Signed by Heinrich Harrer in English and Tibetan
Heinirch Harrer signing books for our bookshop
in Banff, Canada c. 1999
New York, 1954, stated 1st edition. 268 pp, photos. Fine condition Hardcover with a Near Fine Dust Jacket.
This copy is SIGNED by Heinrich Harrer in English and Tibetan on the half-title page.
This is Harrer's masterpiece. After a 1939 German attempt on Nanga Parbat he was imprisoned by the British in India and escaped. With Peter Aufschnaiter he made it to Lhasa, where incredibly he became a friend and tutor to the current Dalai Lama who was then a teenager. A great book about independent Tibet, and it's being swallowed into China.
Harrer was an Austrian interned in British India from the beginning of World War II. Finally in 1943 he escaped from that internment and, following a lengthy travel across 'the roof of the world' he wound up in Lhasa penniless and in rags. Met with kindness in Lhasa, he was not expelled back to India. Instead he was allowed to stay in Tibet, to work for the government (he spoke passable Tibetan by this time) and to tutor the young Dalai Lama. When the Chinese Communists invaded Tibet in 1950 Harrer was forced to part from this lonely, able and affectionate youthful Dalai Lama. What a story.

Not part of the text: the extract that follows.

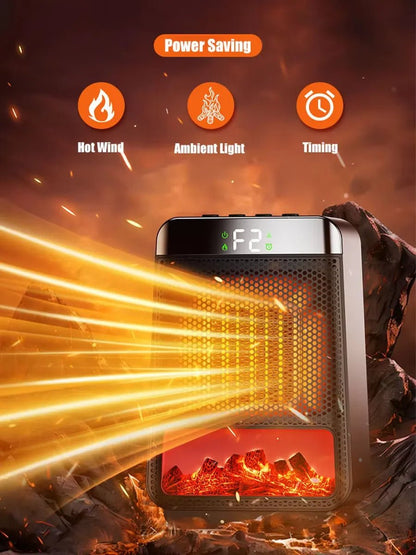 NeutralHeat Electric Heater for Large Rooms with Energy Saving Design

Heinrich Harrer went on to become a consumate explorer and adventurer, much like Lowell Thomas, Eric Shipton and H.W. Tilman, but Harrer didn't limit his travels to mountains. Highly appreciative of native culture, Harrer travelled the world to remote mountains and jungles to experience untouched civilizations. His adventures include trips to remote Amazon jungle tribes, Pacific Islands, remote Himalaya, and New Guinea where he and Philip Temple made the first ascent of Carstensz Pyramid, one of the Seven Summits [Denali, Everest, Vinson, Elbrus, Aconcagua, Kilimanjaro, Carstensz or Kosciusko].
Other notable mountaineering first ascents by Heinrich Harrer were Mount Hunter & Mount Deborah in Alaska with Fred Beckey in 1954 and Ausangate (6400m) in Peru's Cordillera Vilcanota in 1953.